We’ve been calling for compulsory personal finance education for a number of years. We want young people to manage their money confidently. And our survey results show it’s needed now more than ever.
The Which? quarterly consumer report has been set up to help us see where people’s living standards are improving or declining. And in the case of the younger generation, it’s the latter.
In our report, due out tomorrow, we found 18-29 year-olds are bearing the brunt of the current economic crisis. On average, each household in the UK is £5,000 in debt – owing 21p for every £1 they earn. It’s the worst for young people who owe 47p for every £1 they earn.
Sadly one in ten confirmed they were unable pay one of their bills in the past month and 45% said they always or often run out of money each month (compared with 38% of all consumers).
A long time coming
I’m a board member for the Personal Finance Educational Group (Pfeg) a finance education charity which offers help and advice to anyone teaching children and young people about money.
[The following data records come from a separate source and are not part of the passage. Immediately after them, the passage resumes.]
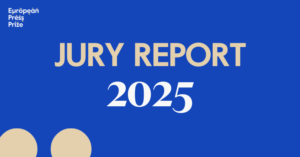 Jury Report 2025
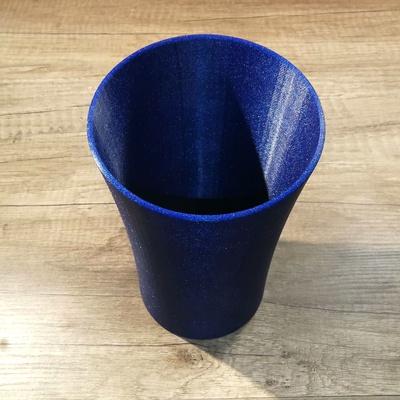 classico vaso 2 arredamento fiore pentola casa 3d print model - Mito3D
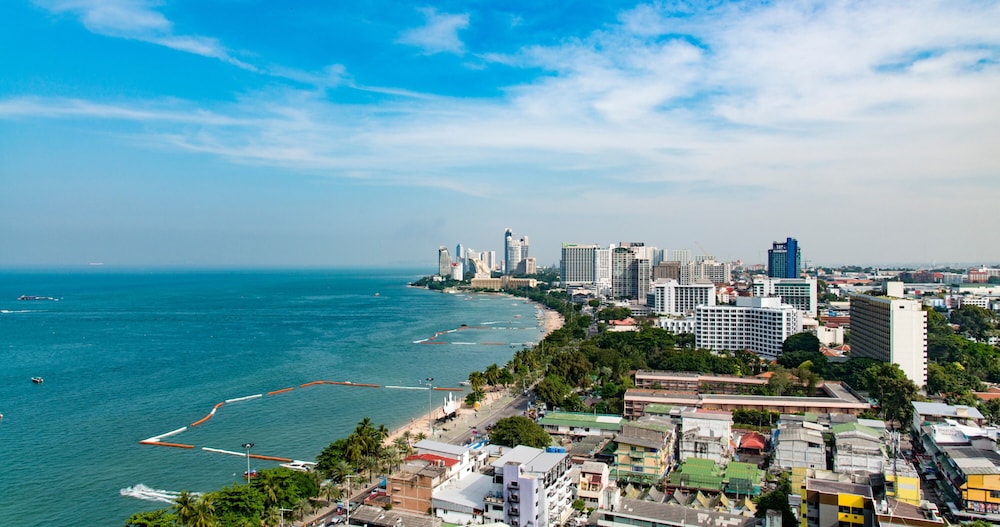 Avatara Beachfront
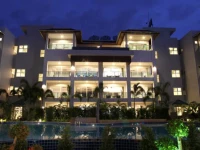 Bangtao Tropical Residence 3*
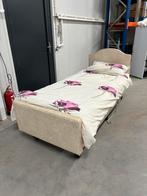 Seniorbed incl matras, Ophalen, Gebruikt, Eenpersoons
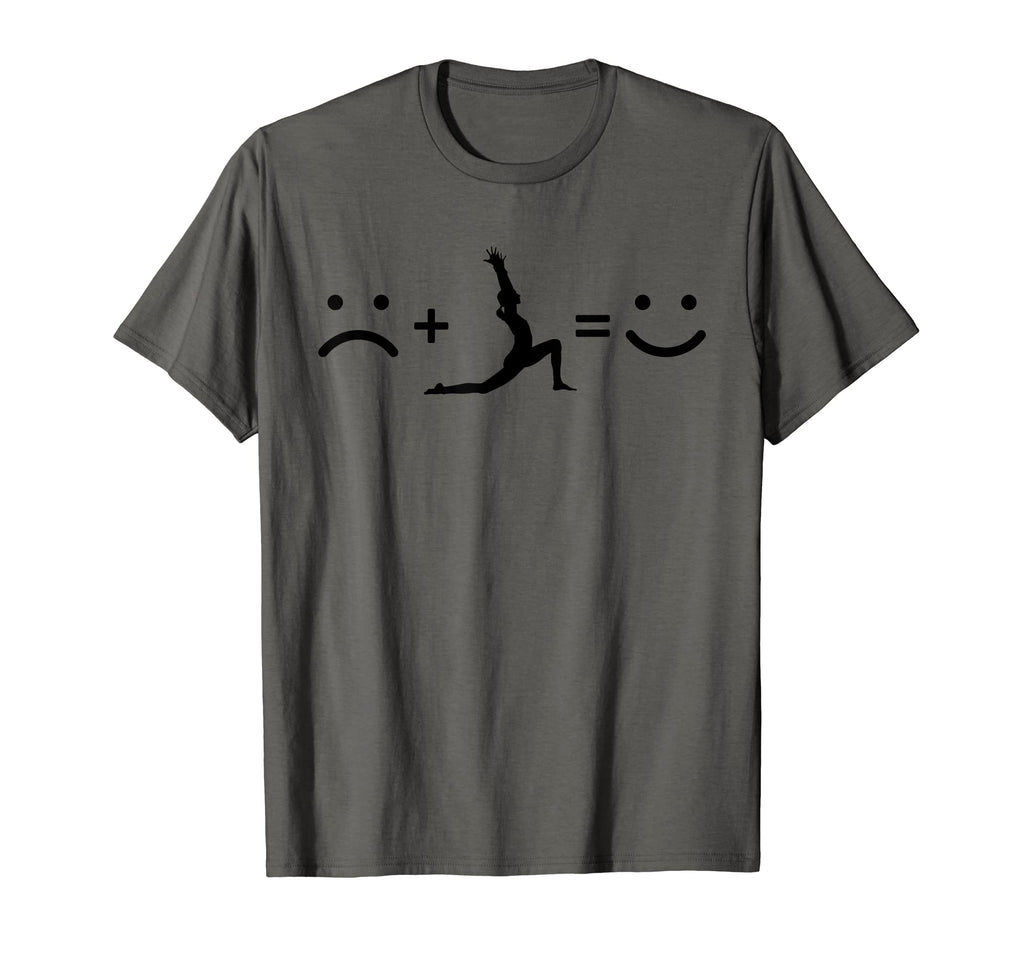 Yoga Yogi Meditation Mindfulness T-Shirt - Novelty Apparel Men Women - T-Shirt, Sweatshirt, Hoodie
Pfeg, working with supporters from the financial services industry, consumer groups and educational specialists, has been instrumental in bringing the issue to those who can ring in the changes – the government. And a campaign led by Martin Lewis has shown the enormous support the public has for the issue as 118,862 individuals signed his petition to make financial education a compulsory part of the school curriculum.
Which? supports the mission because we want to ensure young people are financially capable to make informed choices with their money.
Economic education in schools
In November 2011, Pfeg made a submission to the government when it was reviewing personal, social, health and economic (PSHE) education. The charity argued that personal finance should be firmly embedded in any PSHE education programmes of study from 5 to 16.
We were delighted to see the All Party Parliamentary Group on Financial Education for Young People, recommend including financial education in the tuition of both maths and PSHE. Schools minister Nick Gibb is currently looking at the issue as part of the government’s curriculum review.
Whether the responsibility lies with PSHE or maths tuition is an issue you’ve aired with us before. Phil thought we could do more to get the basics right:
‘No good trying to teach children how to handle their finances until they’ve mastered basic numeracy.’
And William said we need to learn to live within our means:
‘I think that it is essential that financial education should be taught in schools. [It’s] the principal reason that so many countries, as well as ourselves, are in the financial mess that we are in today.’
And MB wished they’d had classes at school:
‘As someone who has been useless with money all my life I wish I had had financial education at school, surely it is as important as any other subject and if learnt at young age, would hopefully become second nature by the time a child leaves school or starts work.’
Were you taught to manage your finances when you were at school? What part of the curriculum do you think could take on the challenge?